Stat 202: Lecture 17 (covers pp. 171-191)

Nathan VanHoudnos
11/3/2014

Agenda

  1. Office hours
  2. Checkpoint comments
  3. OLI textbook comments
  4. Lecture 16 (covers pp. 171-187) wrap up
  5. Lecture 17 (covers pp. 188-191)

New office hours

Based on the results of the WhenIsGood poll, Aaron and I will change our office hours.

  • Nathan: Mondays 11-noon in my office
  • Aaron: Mondays 3-4pm at the stat department

Checkpoint #18A and #18B

  • They are on BlackBoard, not OLI
  • Both are due Wednesday

Agenda

  1. Checkpoint comments
  2. OLI textbook comments
  3. Lecture 16 (covers pp. 171-187) wrap up
  4. Lecture 17 (covers pp. 188-191)

OLI textbook comments

On p. 179:

Interval estimation takes point estimation a step further and says something like:

“I am 95% confident that by using the point estimate \( \bar{x}=115 \) to estimate \( \mu \), I am off by no more than 3 IQ points. In other words, I am 95% confident that \( \mu \) is within 3 of 115, or between 112 (115 - 3) and 118 (115 + 3).”

Yet another way to say the same thing is: I am 95% confident that μ is somewhere in (or covered by) the interval (112,118).

OLI textbook comments

Many of these sound like “there is a 95% chance that…”

Interval estimation takes point estimation a step further and says something like:

“I am 95% confident that by using the point estimate \( \bar{x}=115 \) to estimate \( \mu \), I am off by no more than 3 IQ points. In other words, I am 95% confident that \( \mu \) is within 3 of 115, or between 112 (115 - 3) and 118 (115 + 3).”
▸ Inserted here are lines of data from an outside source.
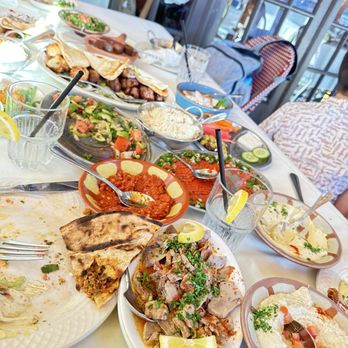 Carousel Restaurant - Forgive the empty plate, but this is their largest mezza you order per person. This is 2/3 of the entire table. - Middle Eastern Near Me - Glendale, California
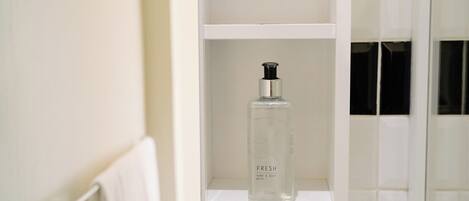 A bathroom with a white shelf containing a bottle of hand and body wash.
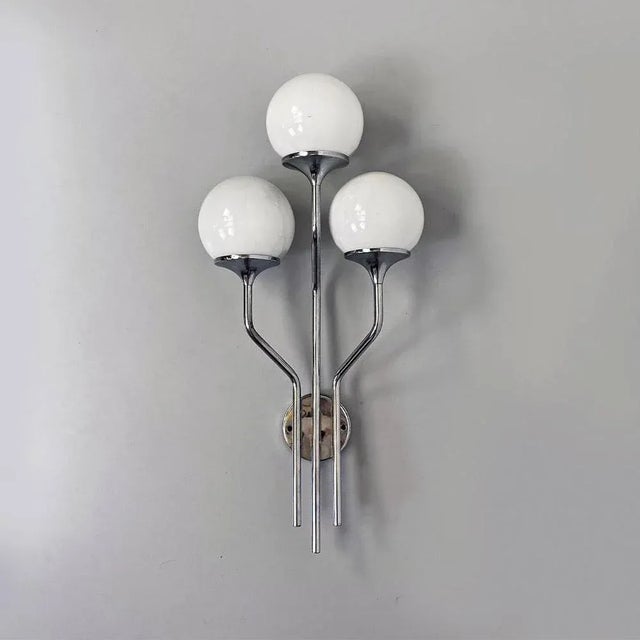 Italian Mid-Century Modern chromed steel and glossy glass wall lamp, 1970s Single applique or three-light wall lamp, with...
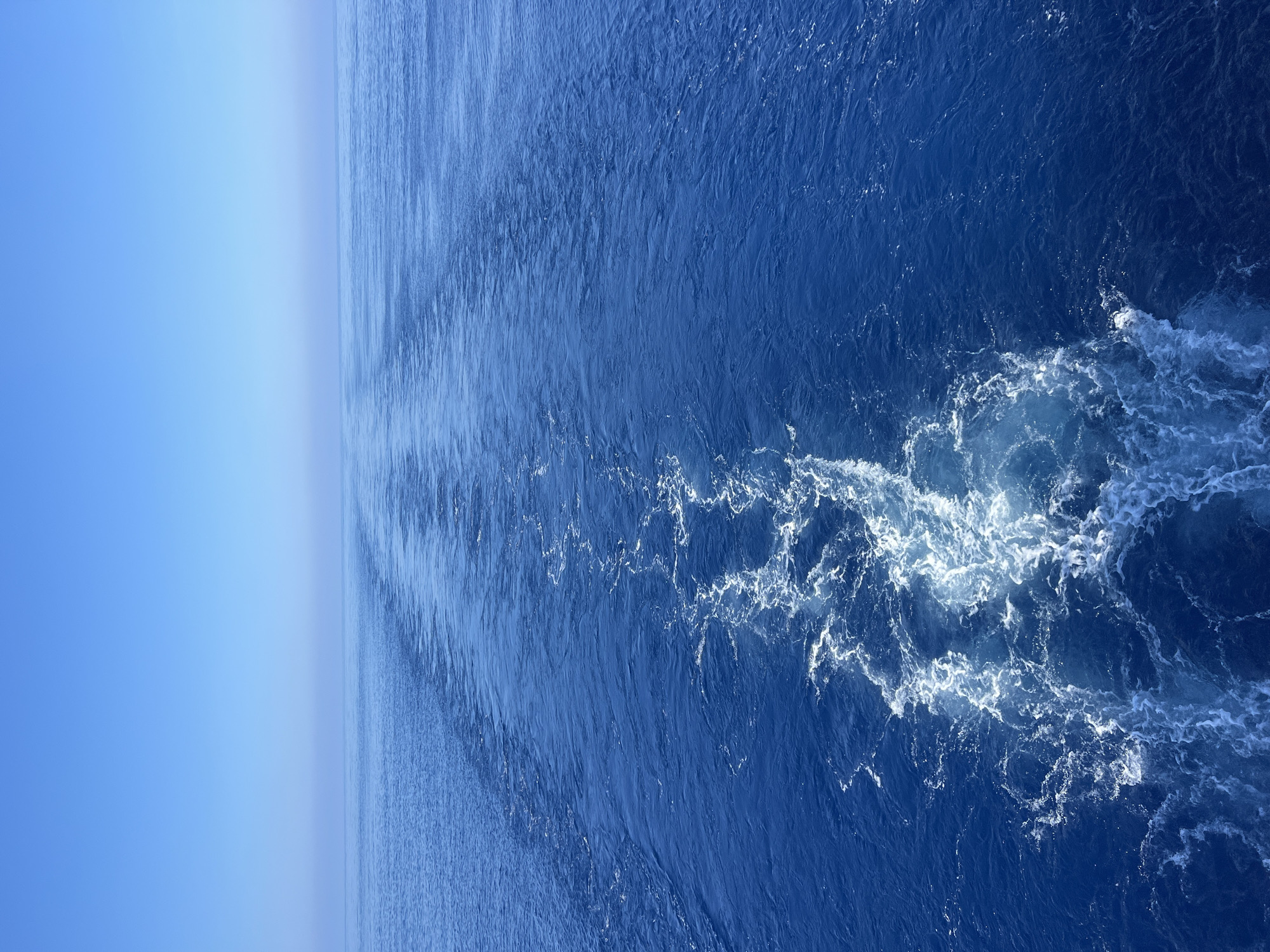 The image shows a wide expanse of deep blue ocean under a clear, pale blue sky. A ship's wake is visible, creating a foamy, white trail that recedes into the distance. The wake is widest in the foreground and narrows as it stretches towards the horizon, where the ocean and sky merge. The water is calm except for the turbulence of the wake, and there are no landmasses or other objects visible in the scene. The overall impression is one of vastness and open water.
Yet another way to say the same thing is: I am 95% confident that \( \mu \) is somewhere in (or covered by) the interval (112,118).

OLI textbook comments

When someone says

I am 95% confident that \( \mu \) is within…

They are using confident as a technical shorthand that means

I am confident that, in the future, over repeated experiments, 95% of my confidence intervals will capture \( \mu \).

Note that confident \( \ne \) probabiilty.

OLI textbook comments

The book is not wrong, it is merely deeply confusing:

Interval estimation takes point estimation a step further and says something like:

“I am 95% confident that by using the point estimate \( \bar{x}=115 \) to estimate \( \mu \), I am off by no more than 3 IQ points. In other words, I am 95% confident that \( \mu \) is within 3 of 115, or between 112 (115 - 3) and 118 (115 + 3).”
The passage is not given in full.